I’ve been long meaning to do this. There are a huge amount of propulsion concepts and terms floating around so this is my small part of trying to clear up and order this corner of the internet. Namely, high speed aircraft and rocket engines and their advantages and disadvantages in very short form. This is by no means a well researched and meticulously checked post, as I don’t have time for one right now.
This is how I’d order most of them (you can click to get a bigger picture):
So, to explain the diagram:
Tu – Turbine Engines
They are the normal jets that airliners and fighters carry. They have a compressor, a burner and a turbine. A compressor can have many stages, and so can the turbine too. The hot exhaust from the burner turns the turbine which turns the compressor via a shaft. An afterburner adds thrust but adds fuel consumption too. A fan adds thrust with little addition of fuel consumption.

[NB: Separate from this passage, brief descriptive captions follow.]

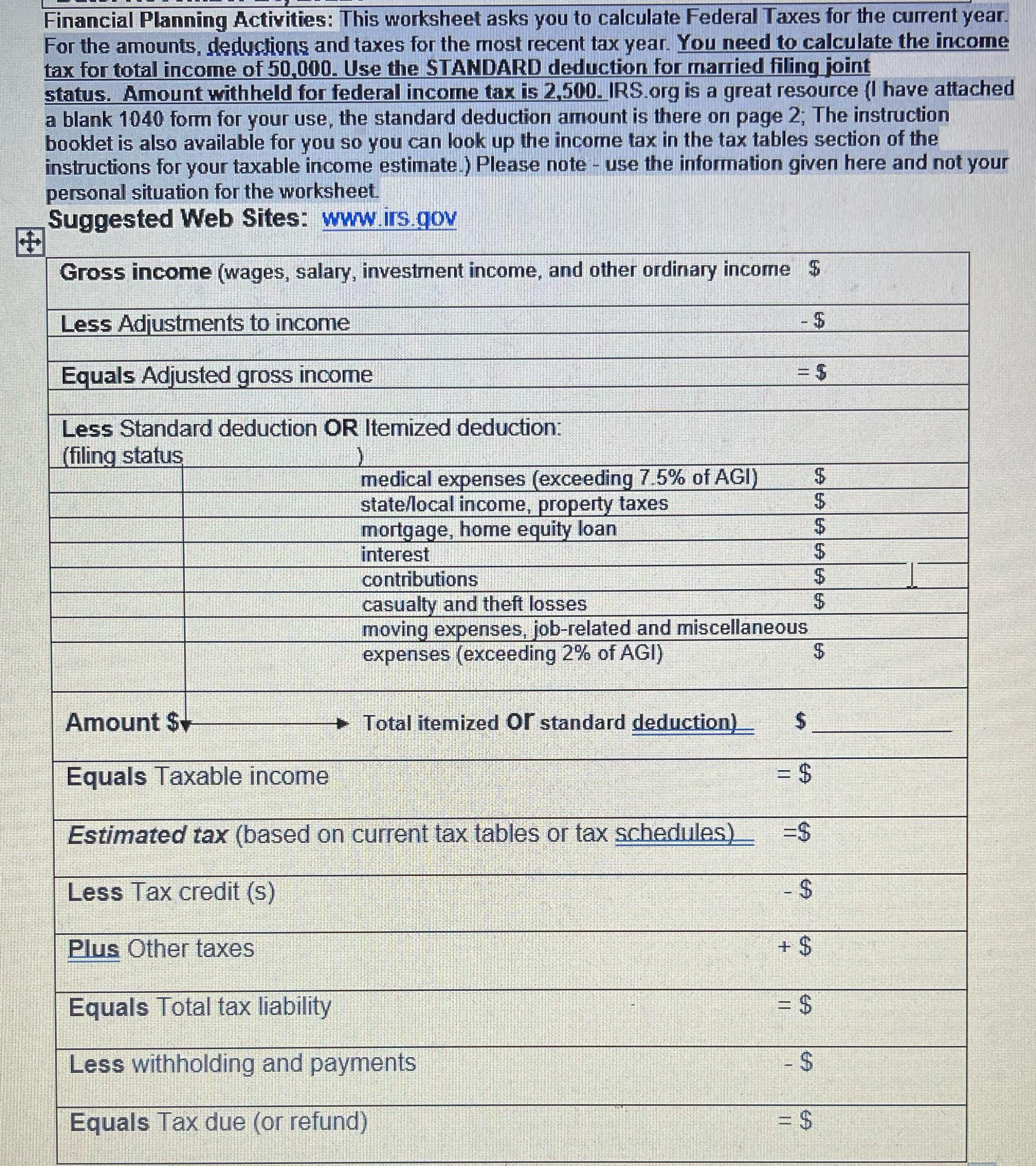 Financial Planning Activities: This worksheet asks you to calculate Federal Taxes for the current year. For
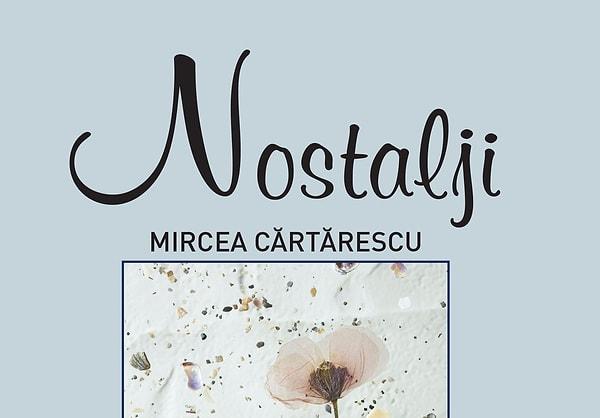 12. Nostalji - Mircea Cartarescu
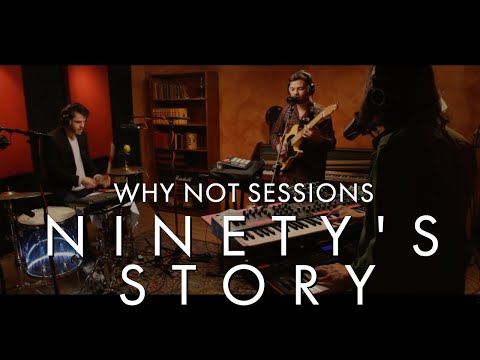 NINETY'S STORY - Church | Why Not Sessions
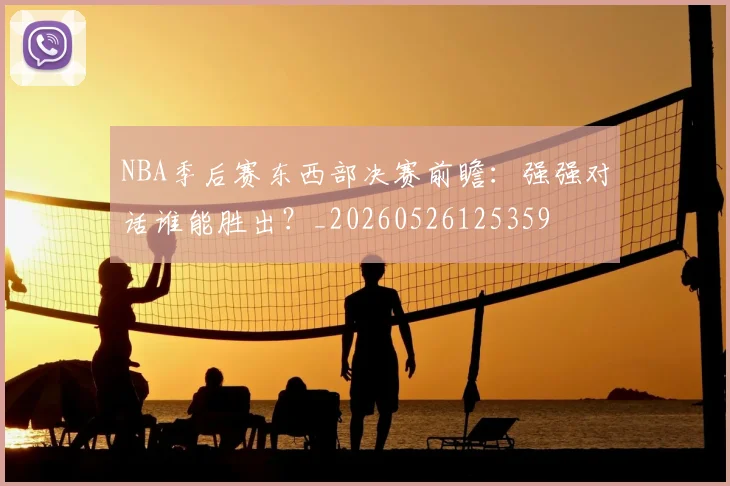 NBA季后赛东西部决赛前瞻：强强对话谁能胜出？_20260526125359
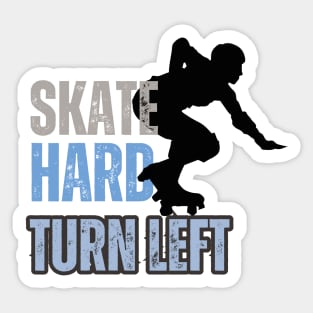 Skate HARD Turn Left Sticker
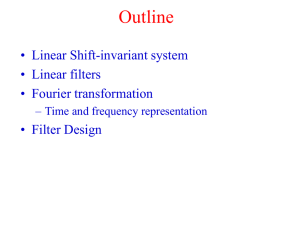 Outline • Linear Shift-invariant system • Linear filters • Fourier transformation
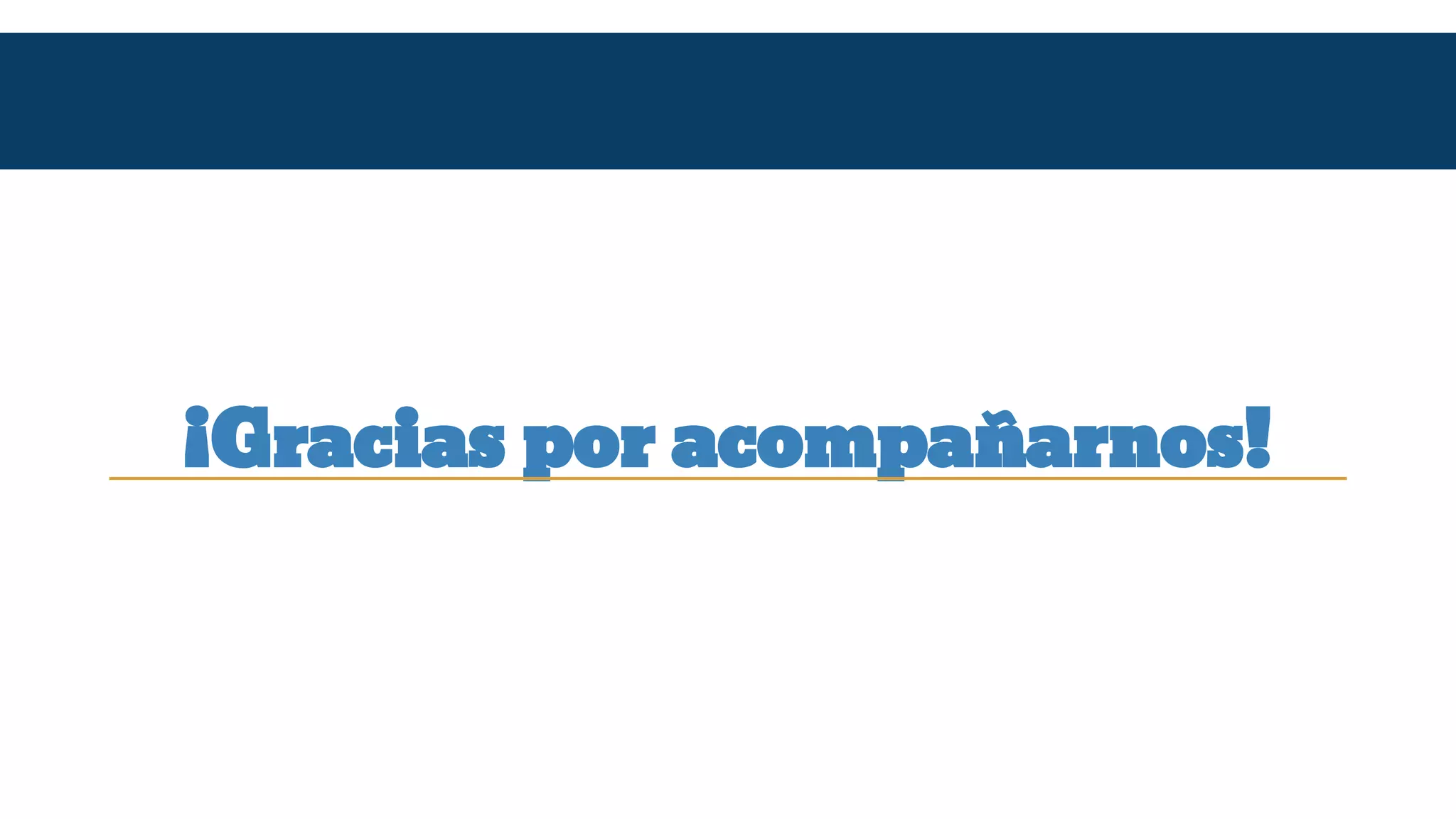 ¡Gracias por acompañarnos! 
 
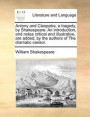 Antony and Cleopatra, a Tragedy, by Shakespeare. an Introduction, and Notes Critical and Illustrative, Are Added, by the Authors of the Dramatic Censor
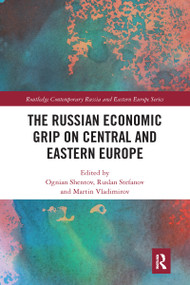 The Russian Economic Grip on Central and Eastern Europe - 9780367584436 by Ognian Shentov, 9780367584436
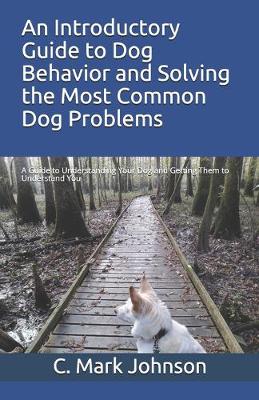 Book cover for An Introductory Guide to Dog Behavior and Solving the Most Common Dog Problems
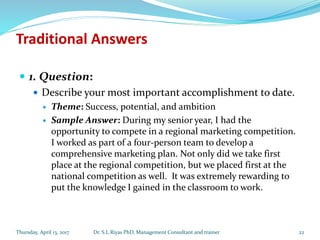 Traditional Answers
 1. Question:
 Describe your most important accomplishment to date.
 Theme: Success, potential, and...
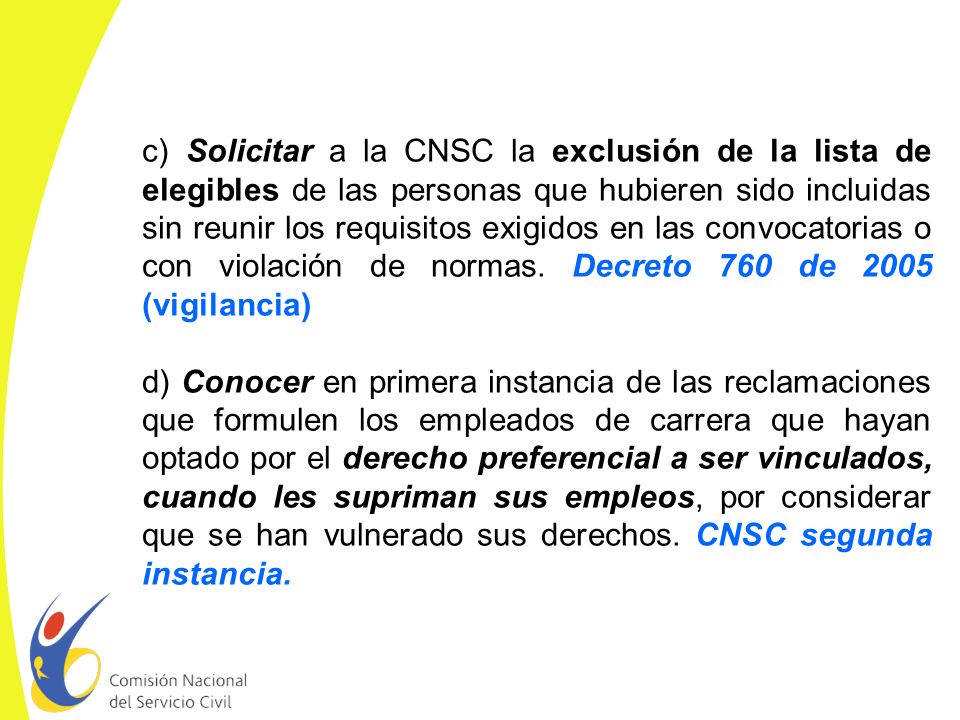 c) Solicitar a la CNSC la exclusión de la lista de elegibles de las personas que hubieren sido incluidas sin reunir los requisitos exigidos en las convocatorias o con violación de normas. Decreto 760 de 2005 (vigilancia)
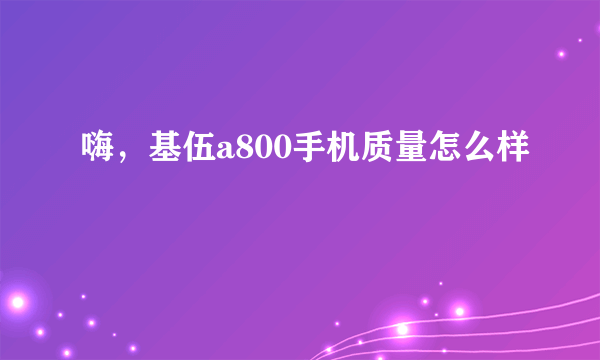 嗨，基伍a800手机质量怎么样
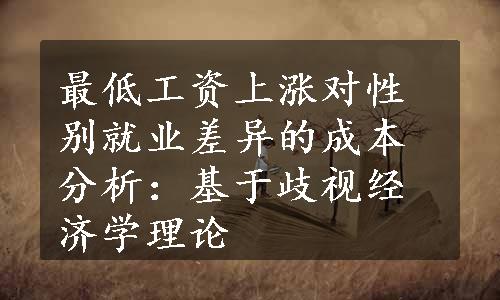 最低工资上涨对性别就业差异的成本分析：基于歧视经济学理论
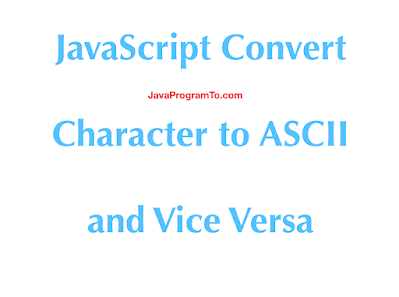 JavaScript Convert Character to ASCII and Vice Versa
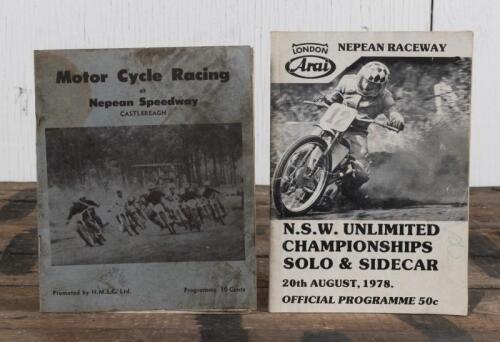 NEPEAN RACEWAY: Two Official Programmes from Nepean Speedway/Raceway including 1971 'Motor Cycle Racing at Nepean Speedway, CASTLEREAGH' programme, with 1978 'N.S.W. UNLIMITED CHAMPIONSHIPS SOLO & SIDECAR' Official Programme.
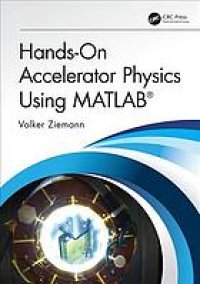 cover of the book Hands-on accelerator physics using MATLAB®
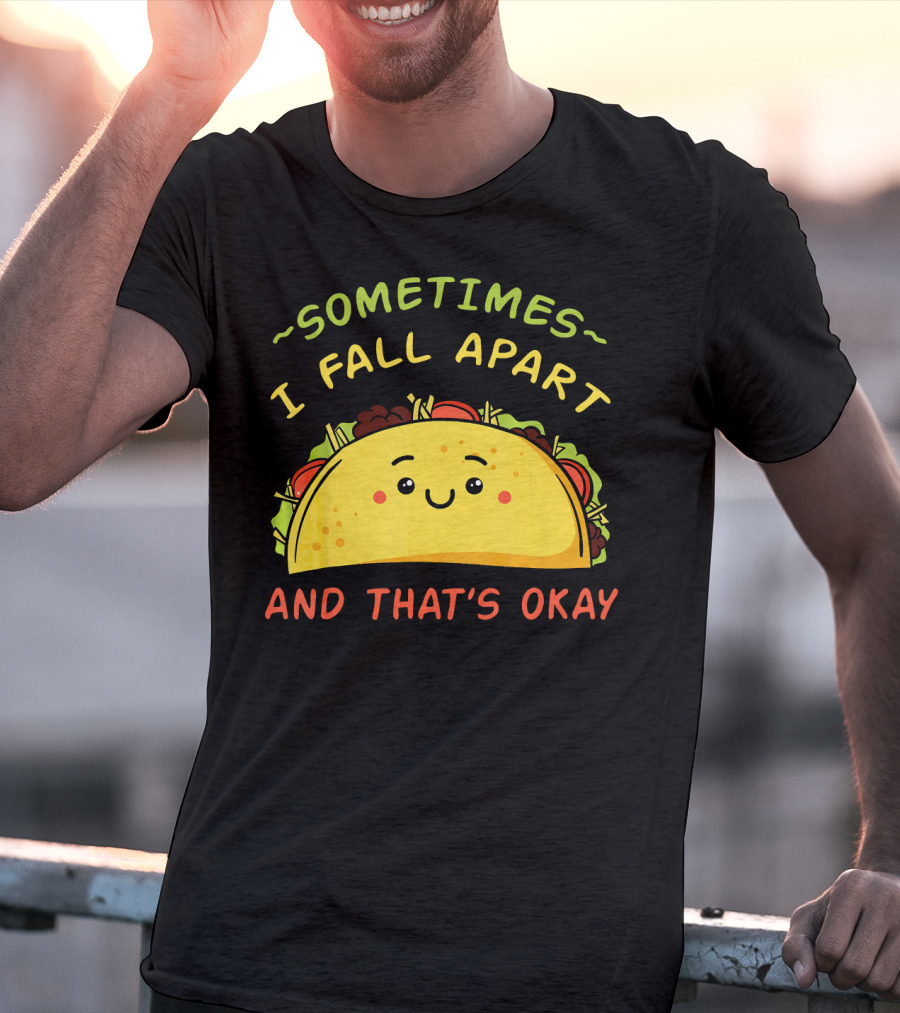 Sometimes I Fall Apart And That's Okay Taco Mexica T-Shirt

Usually slow planes that need long range have turbofans and fast planes have turbojets. Well, except nowadays modern fighters have turbofans with afterburners since they have reached acceptable speeds and fuel consumption is more important.
Operating speed range is approximated from 0 to about Mach 2.5. Speed is usually limited by turbine temperature.
Examples.
Turbojet: P&W J57 in B-52, F-100, F-101, F-102 and many more.
Turbofan: GE F110 in F-16; Rolls Royce Trent in Boeing 777, Airbus A330,340 and 380.
Tr – Turborockets
These are not in use anywhere that I know of. They are a cross between a rocket and a turbofan. They have been proposed for wide speed ranges. Since they don’t have a turbine in the free flow, they could in theory reach higher speeds.
In a Gas Generator Air Turbo Rocket (GG-ATR) there is both oxidizer and fuel flow from the tanks to a gas generator, that then burns them and turns a turbine which turns the compressor. This is usually the way chosen with hydrocarbon (kerosene) high speed concepts. Note that this thing needs oxidizer.
In an E-ATR the fuel circulates around the hot sides of the engine and expands to turn the turbine. Usually hydrogen is the fuel used here because of its good expander characteristics. (The RL-10 rocket engine expands hydrogen to turn its turbopumps likewise.)
The configuration in the picture is only notional. Often a compresor with tip-turbines has been proposed, this means that the gas generator exhausts along the outer rim of the compressor. The compressor is made so the tips function as a turbine for the gg exhaust, while the inner disc functions as a normal compressor. Thus you save a lot on component mass and moving parts and get rid of a possible gearbox.
In theory these could have a very wide speed range. From zero to some Mach. At the end you run into compressor problems, but it should be later than the turbine problems with turbine engines.
Example:
Marquardt SERJ proposed for X-15 follow-ons. Though this had an air breathing drive gas generator (it had tip turbine in the compressor).
Note that as far as I know, the terminology about these engines is not very well determined and this is just my interpretation from what I have read.
Ro – Rocket
I’ve only shown a simplified entry in this category for comparison purposes. In reality of course rockets need “compressors” of their own kind, which are propellant pumps, and the rockets usually use gas generator, expander or staged combustion cycles to power the turbopump.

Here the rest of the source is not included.